In his heart a man plans his course, but the Lord determines his steps. ~Proverbs 16:9
Adoption was not originally part of the plan. I never had any connection to adoption when I was growing up. To my knowledge, I never knew anyone who was adopted, or had adopted, or was part of an adoptive family. I never heard stories about adoption that made me vow to one day adopt. The willingness to adopt was not part of my litmus test for the man I married. Let’s be clear: Adoption was never on my radar.
But after galavanting around Europe for a few years, when Mike and I decided it was time to complicate our lives, things didn’t happen the way they were supposed to. And eventually, we realized adoption was our only option for building our family.
So began the paperwork: filling out financial forms, obtaining clearances, getting clean bills of health from our doctors, asking close friends to write recommendations. It took us about four months to get it all together. And that was just for the initial application. Then a social worker interviewed us, asking us questions about our family life and the homes we came from. Once we were approved to be parents by the states of Maryland and Virginia and the District of Columbia, we had to put together a photo album of our lives, in the hopes that a birth mother would look at the pictures we’d chosen and deem us worthy of parenting her child. I felt for the birth mothers in that situation. How do you possibly make that choice? What do you look for as you’re deciding who’s going to raise your precious baby? We were told birth mothers made the choice based on anything from the logical (lifestyle portrayed in the pictures, for example) to the random (the wallpaper in a picture was the same as the wallpaper of her childhood room). In addition to the photo album, we had to write a letter to the birth mother, describing ourselves, however we wanted. I, the writer in the family, was clueless how to even begin. Mike had a vision and one evening whipped out a few paragraphs. They were good. And funny. But then, Mike’s funny guy. He was hoping to write something that would make a birth mother smile. In the midst of a traumatic, emotionally charged situation, he figured a letter that made her chuckle would stand out. (Turns out, neither piece was necessary; the birth mother simply requested her child be placed with the longest waiting family.)

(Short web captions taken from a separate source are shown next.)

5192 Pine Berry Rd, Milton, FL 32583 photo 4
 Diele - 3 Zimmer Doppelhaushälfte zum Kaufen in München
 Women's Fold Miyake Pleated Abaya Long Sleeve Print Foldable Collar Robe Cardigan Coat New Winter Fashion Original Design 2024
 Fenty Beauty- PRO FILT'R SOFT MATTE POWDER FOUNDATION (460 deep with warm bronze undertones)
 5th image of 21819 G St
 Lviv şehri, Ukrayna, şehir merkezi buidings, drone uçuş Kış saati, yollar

With those two pieces as finished as they were going to be, we let go and let God. It was now out of our hands. All we could do was wait to be chosen. We did a bit of outreach ourselves–telling everyone we knew and adding a marketing email signature–but we left most of the heavy lifting to our agency. We were paying them, after all.
The wait felt like an eternity. In hindsight, four-and-a-half months was not that long. And of course, as we hold Teddy now, that wait and the journey were totally worth every moment. Looking at our baby’s precious smile and sweet, sweet dimples, we wouldn’t have our story written any other way.